*** Block opens ***

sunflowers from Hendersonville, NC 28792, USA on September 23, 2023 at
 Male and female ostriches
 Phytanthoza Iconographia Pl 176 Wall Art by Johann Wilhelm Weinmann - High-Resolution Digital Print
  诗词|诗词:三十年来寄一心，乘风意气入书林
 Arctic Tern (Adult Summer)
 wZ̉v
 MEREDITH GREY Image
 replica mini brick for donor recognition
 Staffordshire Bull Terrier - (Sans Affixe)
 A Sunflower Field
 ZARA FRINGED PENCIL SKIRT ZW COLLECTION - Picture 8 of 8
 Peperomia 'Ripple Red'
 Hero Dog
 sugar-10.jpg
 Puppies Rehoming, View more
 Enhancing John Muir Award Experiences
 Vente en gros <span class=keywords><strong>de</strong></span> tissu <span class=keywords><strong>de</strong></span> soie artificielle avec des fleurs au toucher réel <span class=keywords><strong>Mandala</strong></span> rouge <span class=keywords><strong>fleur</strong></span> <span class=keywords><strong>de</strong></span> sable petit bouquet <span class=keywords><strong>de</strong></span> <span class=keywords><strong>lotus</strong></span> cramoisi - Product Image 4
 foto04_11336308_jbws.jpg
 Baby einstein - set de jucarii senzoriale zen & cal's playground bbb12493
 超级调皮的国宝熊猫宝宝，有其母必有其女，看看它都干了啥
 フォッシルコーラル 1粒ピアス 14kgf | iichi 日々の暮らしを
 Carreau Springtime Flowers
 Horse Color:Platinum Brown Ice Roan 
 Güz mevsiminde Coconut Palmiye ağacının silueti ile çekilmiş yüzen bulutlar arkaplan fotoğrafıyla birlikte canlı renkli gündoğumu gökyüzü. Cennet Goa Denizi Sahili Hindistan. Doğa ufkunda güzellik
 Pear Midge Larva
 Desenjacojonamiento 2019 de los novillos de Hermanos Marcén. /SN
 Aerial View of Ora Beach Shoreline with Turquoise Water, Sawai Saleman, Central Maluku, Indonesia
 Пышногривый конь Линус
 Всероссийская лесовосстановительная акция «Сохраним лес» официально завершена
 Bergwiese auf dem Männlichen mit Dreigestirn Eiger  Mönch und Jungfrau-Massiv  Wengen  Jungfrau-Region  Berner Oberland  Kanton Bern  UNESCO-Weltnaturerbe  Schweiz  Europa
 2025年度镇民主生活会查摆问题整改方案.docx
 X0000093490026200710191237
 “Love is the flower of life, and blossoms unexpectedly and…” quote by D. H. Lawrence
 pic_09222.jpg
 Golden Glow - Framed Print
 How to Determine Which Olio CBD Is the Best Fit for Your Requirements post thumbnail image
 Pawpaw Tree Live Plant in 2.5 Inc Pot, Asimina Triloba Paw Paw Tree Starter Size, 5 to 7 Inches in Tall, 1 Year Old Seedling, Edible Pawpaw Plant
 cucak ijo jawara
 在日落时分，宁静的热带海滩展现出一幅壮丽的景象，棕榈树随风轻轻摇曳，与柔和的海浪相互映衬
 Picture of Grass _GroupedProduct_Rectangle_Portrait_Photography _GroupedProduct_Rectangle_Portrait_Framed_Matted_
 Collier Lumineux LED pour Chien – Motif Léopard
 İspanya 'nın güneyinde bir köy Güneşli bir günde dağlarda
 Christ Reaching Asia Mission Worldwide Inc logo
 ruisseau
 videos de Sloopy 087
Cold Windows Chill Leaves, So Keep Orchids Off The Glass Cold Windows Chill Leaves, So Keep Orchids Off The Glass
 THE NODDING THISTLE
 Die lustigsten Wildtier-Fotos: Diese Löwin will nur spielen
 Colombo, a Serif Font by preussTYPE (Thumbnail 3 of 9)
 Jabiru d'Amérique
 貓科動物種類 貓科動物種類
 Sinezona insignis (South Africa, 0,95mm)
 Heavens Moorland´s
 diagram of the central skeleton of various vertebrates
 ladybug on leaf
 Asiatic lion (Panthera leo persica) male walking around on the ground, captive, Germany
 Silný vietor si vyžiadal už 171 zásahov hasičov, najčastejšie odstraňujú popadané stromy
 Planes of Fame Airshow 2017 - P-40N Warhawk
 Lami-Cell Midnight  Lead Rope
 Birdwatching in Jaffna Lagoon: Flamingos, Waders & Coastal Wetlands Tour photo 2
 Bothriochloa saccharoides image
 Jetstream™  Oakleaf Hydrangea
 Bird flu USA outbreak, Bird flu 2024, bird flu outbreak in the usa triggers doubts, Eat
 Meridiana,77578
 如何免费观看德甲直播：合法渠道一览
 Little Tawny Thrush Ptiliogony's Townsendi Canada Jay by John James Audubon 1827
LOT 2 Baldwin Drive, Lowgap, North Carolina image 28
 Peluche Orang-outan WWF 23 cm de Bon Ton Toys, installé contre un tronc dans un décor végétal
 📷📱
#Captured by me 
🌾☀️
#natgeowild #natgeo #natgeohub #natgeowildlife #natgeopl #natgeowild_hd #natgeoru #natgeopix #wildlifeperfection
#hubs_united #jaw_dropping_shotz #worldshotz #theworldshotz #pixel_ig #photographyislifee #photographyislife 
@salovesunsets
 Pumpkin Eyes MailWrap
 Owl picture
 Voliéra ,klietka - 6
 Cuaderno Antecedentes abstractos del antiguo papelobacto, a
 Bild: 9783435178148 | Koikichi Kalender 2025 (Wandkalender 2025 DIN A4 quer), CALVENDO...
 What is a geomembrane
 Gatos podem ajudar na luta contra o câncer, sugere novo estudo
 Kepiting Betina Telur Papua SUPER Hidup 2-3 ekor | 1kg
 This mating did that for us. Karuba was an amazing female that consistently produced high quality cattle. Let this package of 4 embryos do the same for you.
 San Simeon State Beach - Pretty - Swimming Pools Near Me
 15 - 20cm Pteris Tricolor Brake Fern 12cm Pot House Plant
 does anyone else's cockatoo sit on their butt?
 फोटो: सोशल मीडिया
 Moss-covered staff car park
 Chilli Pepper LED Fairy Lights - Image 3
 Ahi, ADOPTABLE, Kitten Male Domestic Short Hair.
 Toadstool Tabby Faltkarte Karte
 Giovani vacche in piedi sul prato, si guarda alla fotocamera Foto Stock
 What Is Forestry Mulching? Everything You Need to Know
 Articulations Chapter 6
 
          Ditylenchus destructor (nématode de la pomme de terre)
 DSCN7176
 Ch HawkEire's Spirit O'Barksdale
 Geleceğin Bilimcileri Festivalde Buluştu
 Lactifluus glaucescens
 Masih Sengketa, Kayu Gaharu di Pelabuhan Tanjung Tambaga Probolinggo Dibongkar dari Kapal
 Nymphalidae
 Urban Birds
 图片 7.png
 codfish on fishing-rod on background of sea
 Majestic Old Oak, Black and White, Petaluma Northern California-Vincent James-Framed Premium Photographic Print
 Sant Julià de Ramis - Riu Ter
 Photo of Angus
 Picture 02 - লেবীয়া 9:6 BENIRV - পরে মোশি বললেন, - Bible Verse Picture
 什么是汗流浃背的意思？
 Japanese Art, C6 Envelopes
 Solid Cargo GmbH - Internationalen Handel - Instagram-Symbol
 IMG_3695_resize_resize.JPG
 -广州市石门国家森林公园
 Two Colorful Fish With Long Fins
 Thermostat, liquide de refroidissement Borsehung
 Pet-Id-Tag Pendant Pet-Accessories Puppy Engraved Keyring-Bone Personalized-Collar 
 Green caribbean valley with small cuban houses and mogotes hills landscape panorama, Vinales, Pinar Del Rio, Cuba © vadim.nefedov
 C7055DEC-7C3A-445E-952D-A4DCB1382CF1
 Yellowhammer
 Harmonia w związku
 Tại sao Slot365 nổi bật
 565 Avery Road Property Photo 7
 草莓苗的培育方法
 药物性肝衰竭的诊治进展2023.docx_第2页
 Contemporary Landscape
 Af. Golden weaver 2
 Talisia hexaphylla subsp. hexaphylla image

*** Block closes ***

DIRECTIONS FOR THIS TASK:
All lines from the opening of the records through the line where "Пышногривый конь Линус" occurs are to be output verbatim. No other line belongs in the answer.

YOUR SOLUTION:
sunflowers from Hendersonville, NC 28792, USA on September 23, 2023 at
 Male and female ostriches
 Phytanthoza Iconographia Pl 176 Wall Art by Johann Wilhelm Weinmann - High-Resolution Digital Print
  诗词|诗词:三十年来寄一心，乘风意气入书林
 Arctic Tern (Adult Summer)
 wZ̉v
 MEREDITH GREY Image
 replica mini brick for donor recognition
 Staffordshire Bull Terrier - (Sans Affixe)
 A Sunflower Field
 ZARA FRINGED PENCIL SKIRT ZW COLLECTION - Picture 8 of 8
 Peperomia 'Ripple Red'
 Hero Dog
 sugar-10.jpg
 Puppies Rehoming, View more
 Enhancing John Muir Award Experiences
 Vente en gros <span class=keywords><strong>de</strong></span> tissu <span class=keywords><strong>de</strong></span> soie artificielle avec des fleurs au toucher réel <span class=keywords><strong>Mandala</strong></span> rouge <span class=keywords><strong>fleur</strong></span> <span class=keywords><strong>de</strong></span> sable petit bouquet <span class=keywords><strong>de</strong></span> <span class=keywords><strong>lotus</strong></span> cramoisi - Product Image 4
 foto04_11336308_jbws.jpg
 Baby einstein - set de jucarii senzoriale zen & cal's playground bbb12493
 超级调皮的国宝熊猫宝宝，有其母必有其女，看看它都干了啥
 フォッシルコーラル 1粒ピアス 14kgf | iichi 日々の暮らしを
 Carreau Springtime Flowers
 Horse Color:Platinum Brown Ice Roan 
 Güz mevsiminde Coconut Palmiye ağacının silueti ile çekilmiş yüzen bulutlar arkaplan fotoğrafıyla birlikte canlı renkli gündoğumu gökyüzü. Cennet Goa Denizi Sahili Hindistan. Doğa ufkunda güzellik
 Pear Midge Larva
 Desenjacojonamiento 2019 de los novillos de Hermanos Marcén. /SN
 Aerial View of Ora Beach Shoreline with Turquoise Water, Sawai Saleman, Central Maluku, Indonesia
 Пышногривый конь Линус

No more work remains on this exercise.